In the 10th National Assembly Elections 1993–96, held on 15/10/93. Malik Naeem Khan Awan (Pakistan Muslim League-N) won 81,565 votes against Malik Muhammad Bashir Awan (Pakistan Peoples Party) and Qari Amman Ullah (Islami Jamhoori Ittehad) having votes 67,693 and 1,313 respectively. It is clear from the previous records that whichever party is, Malik Naeem Khan Awan won with  a great majority. It is the love for Malik Naeem Khan Awan from the people of District Khushab. He was very popular among the people. He was a statesman. He felt happy amongst people. He concerned for his people and worked for their well-being. He called politics "welfare of people". And that was the only reason for him to be in politics. He was son of Brigadier (R) Malik Sawal Awan and his Brother Malik Saleem Khan Awan was a two star Army General.Malik Naeem Khan Awan died on 11 December 2017. Punjab Chief Minister expressed deep sense of sorrow and grief over his death.

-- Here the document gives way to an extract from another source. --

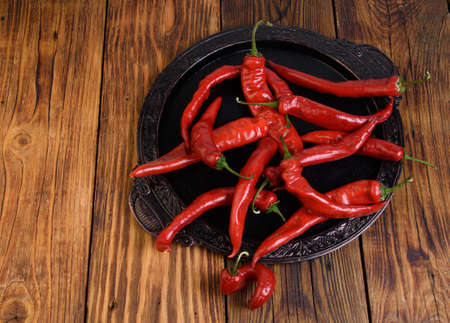 red bitter peppers on a black tray are lying on a wooden tableの写真素材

His nephew and his successor in politics Malik Umer Aslam Awan became MNA From Constituency NA69 in February 1997 but lost in series 2002, 2008, 2013 versus Sumaira Malik and bi-Election 2013 against her son Malik Uzair Awan as she was disqualified by the Election Commission on basis of fake degree but afterwards allegations were removed and she participated in 2018 General Elections and lost.
Malik Umer Aslam Awan won the election of 2018 from the ticket of PTI NA-93 in District Khushab. He has the same aim of welfare of the people. Despite losing three times in a row, he didn't lose hope and won with a majority this time.He has done many welfare projects in the Khushab since 2018.